Even neoclassical economists do not believe that markets solve all allocation problems. In particular, there are many allocation problems where goods or services should not necessarily go to the highest bidders. Al Roth has worked on a variety of such allocation problems, including admission to the public school systems in New York City and Boston. Earlier, schools in New York and Boston allocated seats through a complicated process with the objective of assigning students to their top choices as far as possible. If some students did not get their top choices because of inadequate positions, then their second ranked schools were taken into account, and so on. The system was very cumbersome and involved repeated student applications, and much heartburn.

It also led to strategic behaviour. Parents applied first to less popular schools to make sure they got in, leaving students with none of their top choices. Roth realized that the matching process could be improved dramatically by applying a version of the Gale-Shapley algorithm. He designed a clearing house system, which continues to be used today.

Perhaps, Roth’s most far-reaching contribution — in terms of its effect on human lives — is his work on kidney exchange. A common problem for patients needing kidney transplants (indeed all organ transplants) is that often the donor may be the spouse who has a different blood group.
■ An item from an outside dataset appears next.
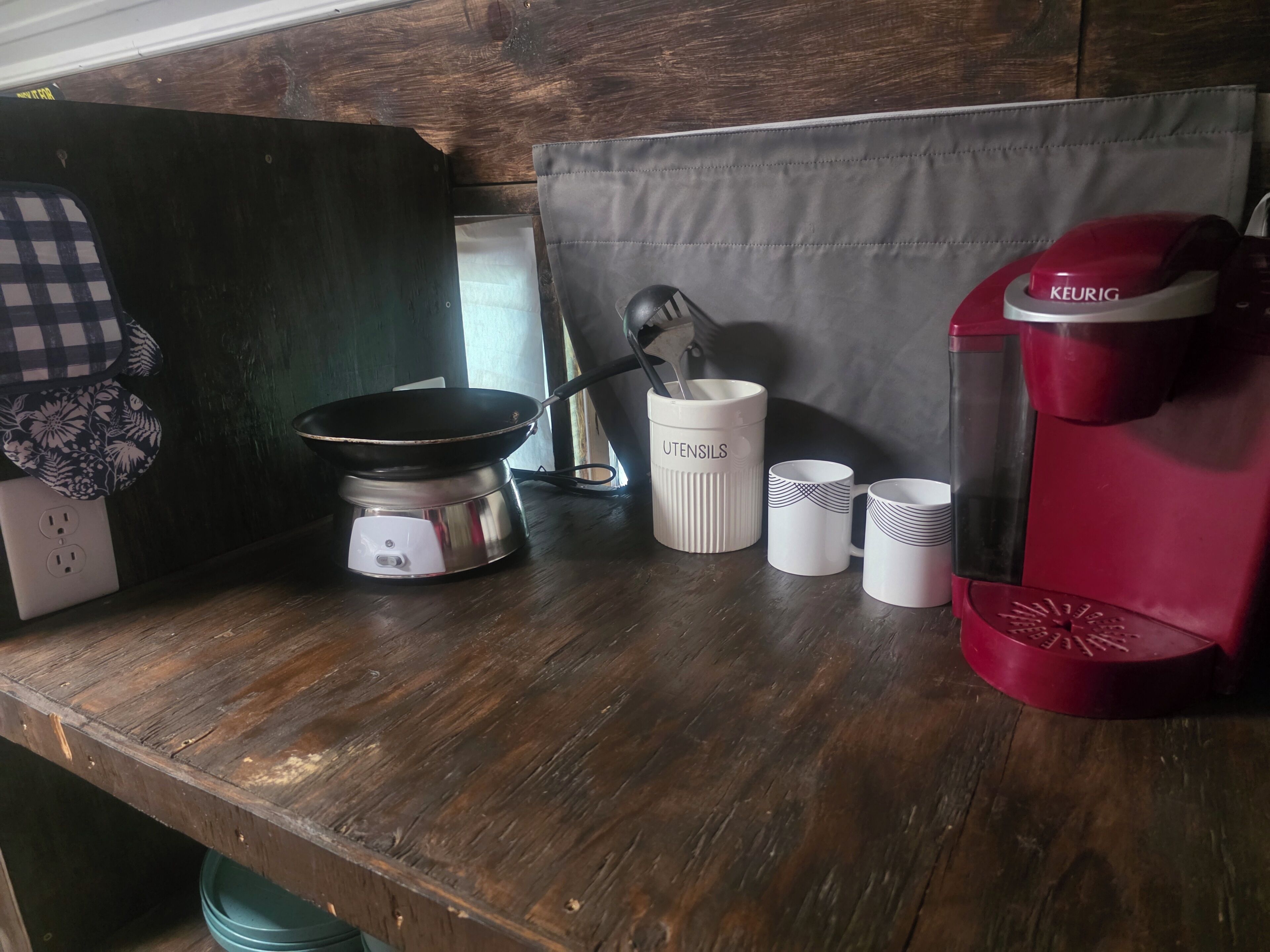 Una encimera de cocina con una estufa portátil, una cafetera Keurig y tres tazas.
Of course, incompatible donor pairs can often exchange kidneys with other such pairs. Using ideas from matching theory, Roth and co-authors showed how larger scale exchanges of this kind can be conducted in an efficient and incentive compatible manner. Their ideas resulted in a kidney exchange clearing house for patients needing transplants.

Roth and Shapley have made a perfect match. The latter may well have been labelled an ivory tower economist. But Roth has shown that good theory can have important real world applications. The Nobel economics prize could not have gone to a better matched pair.